Première entreprise à s’être installée à Euratechnologies, Ineat a de son côté mis en place un incubateur dans ses propres locaux. L’idée étant d’y accueillir des entreprises qui souhaitent intégrer Euratechnologies. « La start-up Pumpkin est passée par nos locaux. Nous avons aussi accueilli les start-up Ease, Strapdata ou Les Vieilles Choses, dans lesquelles nous avons pris des participations minoritaires, et qui ont ensuite intégré Euratechnologies ou La Plaine Images... ». Il ajoute en souriant : « On est le premier enfant et un peu le grand frère d’Euratechnologies ».

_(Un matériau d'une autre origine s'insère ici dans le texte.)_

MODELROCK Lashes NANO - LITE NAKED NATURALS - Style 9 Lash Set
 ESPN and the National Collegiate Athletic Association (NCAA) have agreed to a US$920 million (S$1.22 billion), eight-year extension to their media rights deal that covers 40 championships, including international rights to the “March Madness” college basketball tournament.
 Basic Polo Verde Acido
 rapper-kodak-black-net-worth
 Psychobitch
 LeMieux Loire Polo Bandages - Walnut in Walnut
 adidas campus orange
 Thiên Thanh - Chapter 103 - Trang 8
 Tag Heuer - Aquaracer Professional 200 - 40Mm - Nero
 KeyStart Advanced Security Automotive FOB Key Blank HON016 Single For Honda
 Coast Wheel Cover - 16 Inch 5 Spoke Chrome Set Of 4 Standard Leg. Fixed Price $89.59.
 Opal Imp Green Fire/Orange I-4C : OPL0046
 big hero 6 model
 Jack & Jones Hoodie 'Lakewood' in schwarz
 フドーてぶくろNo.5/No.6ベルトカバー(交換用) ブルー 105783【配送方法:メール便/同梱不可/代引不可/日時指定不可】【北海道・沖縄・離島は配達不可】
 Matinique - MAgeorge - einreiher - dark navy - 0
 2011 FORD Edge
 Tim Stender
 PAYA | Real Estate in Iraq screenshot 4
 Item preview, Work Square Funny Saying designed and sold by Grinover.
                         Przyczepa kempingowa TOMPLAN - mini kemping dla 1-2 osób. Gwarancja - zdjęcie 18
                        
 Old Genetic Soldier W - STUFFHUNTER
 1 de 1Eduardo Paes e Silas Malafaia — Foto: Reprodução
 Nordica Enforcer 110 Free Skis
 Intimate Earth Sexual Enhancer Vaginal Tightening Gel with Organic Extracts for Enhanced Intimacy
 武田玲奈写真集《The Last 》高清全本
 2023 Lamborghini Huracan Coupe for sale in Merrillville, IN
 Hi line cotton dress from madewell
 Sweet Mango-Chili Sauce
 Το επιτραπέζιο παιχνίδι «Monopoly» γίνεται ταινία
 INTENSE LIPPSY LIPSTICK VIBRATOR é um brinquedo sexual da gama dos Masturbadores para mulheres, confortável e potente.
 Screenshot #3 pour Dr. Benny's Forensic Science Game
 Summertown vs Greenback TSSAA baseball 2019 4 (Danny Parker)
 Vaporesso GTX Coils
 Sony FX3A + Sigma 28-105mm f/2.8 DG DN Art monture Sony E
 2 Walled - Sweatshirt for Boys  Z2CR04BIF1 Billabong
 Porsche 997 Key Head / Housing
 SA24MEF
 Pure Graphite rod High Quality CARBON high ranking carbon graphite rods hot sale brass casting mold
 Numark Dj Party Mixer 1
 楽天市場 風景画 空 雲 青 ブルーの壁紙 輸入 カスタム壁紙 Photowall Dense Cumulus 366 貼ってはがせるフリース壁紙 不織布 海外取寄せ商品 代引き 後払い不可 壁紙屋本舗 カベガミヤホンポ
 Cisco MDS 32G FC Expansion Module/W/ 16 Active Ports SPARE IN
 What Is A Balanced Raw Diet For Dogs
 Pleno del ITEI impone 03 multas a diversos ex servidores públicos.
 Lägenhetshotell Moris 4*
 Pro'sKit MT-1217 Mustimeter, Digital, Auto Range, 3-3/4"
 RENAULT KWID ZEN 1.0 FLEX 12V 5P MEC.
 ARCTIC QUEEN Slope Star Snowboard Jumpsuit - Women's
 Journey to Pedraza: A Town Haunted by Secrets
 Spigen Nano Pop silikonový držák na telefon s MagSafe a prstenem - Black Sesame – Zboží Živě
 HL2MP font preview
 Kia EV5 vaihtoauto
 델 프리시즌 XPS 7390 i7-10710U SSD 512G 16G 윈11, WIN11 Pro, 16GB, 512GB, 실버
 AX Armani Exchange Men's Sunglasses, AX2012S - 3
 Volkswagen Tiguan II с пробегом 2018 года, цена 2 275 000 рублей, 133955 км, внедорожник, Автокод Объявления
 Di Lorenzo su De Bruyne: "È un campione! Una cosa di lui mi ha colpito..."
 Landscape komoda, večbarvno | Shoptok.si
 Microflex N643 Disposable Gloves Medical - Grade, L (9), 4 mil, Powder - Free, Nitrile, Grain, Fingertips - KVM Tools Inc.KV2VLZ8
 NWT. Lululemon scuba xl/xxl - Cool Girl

Donner du temps… pour en gagner

Plusieurs sollicitations par semaine pour Yann Orpin, une rencontre par mois et par entrepreneur accompagné pour Gauthier Vignon, des conférences ou de l’accompagnement via le Réseau Entreprendre pour Yves Delnatte… Dans un agenda bien rempli de dirigeant, cette entraide est gourmande en temps. Et pourtant, les chefs d’entreprise se rendent disponibles sans hésiter. Gauthier Vignon accorde ainsi du temps « du mardi au vendredi, en soirée ». Il explique : « J’étais à la place de ces entrepreneurs il y a encore 6 mois ou un an. Nous avons bénéficié d’accompagnement, nous aussi, et d’ailleurs ça continue ».

Outre l’aspect solidaire, les dirigeants considèrent que ces heures consacrées à en aider d’autres sont loin d’être perdues. « On prend du temps mais on en gagne aussi », souligne Yann Orpin, avant de préciser : « Aider d’autres entrepreneurs permet de voir comment l’écosystème économique évolue. Et quand nous accompagnons des start-up dans le digital, cela permet d’acculturer nos salariés ». Gauthier Vignon y trouve aussi un bénéfice à titre personnel : « Accompagner d’autres entrepreneurs, ça fait beaucoup de bien car l’énergie positive, c’est communicatif ». Il ajoute : « Les questions que je pose sur leur business ont aussi un effet miroir : elles me permettent de dresser un bilan. Et puis en voyant les erreurs des autres, on se rappelle les siennes et ça permet de garder la tête froide ! ».

Un accélérateur de business

Cette entraide fait également office d’accélérateur de business pour celui qui accompagne. Fondateur et dirigeant de la chaîne de restauration rapide Fresh Burritos (CA : 13 M€), Timothée Tronet en a fait l’expérience. Lors d’une conférence qu’il donnait à l’Edhec, deux élèves en dernière année sont venus lui présenter leur projet de chaîne de restauration, Canard Street. « Nous en avons discuté et j’ai investi très vite dans leur société. Aujourd’hui je prends une demi-journée par semaine pour les conseiller. Cet accompagnement me permet de répondre à un objectif : constituer un groupe avec différents concepts de restauration. On gagne du temps en démarrant avec un porteur de projet ».

À force d’évoluer parmi les start-up, Yves Delnatte a de son côté mis en place une offre d’accompagnement dédiée, La Fabrik : « Nous aidons des porteurs de projets depuis leur idée jusqu’à la commercialisation de leur produit. C’est une expérience enrichissante pour Ineat, car si nous sommes aujourd’hui une société de services, nous souhaitons un jour développer nos propres produits ».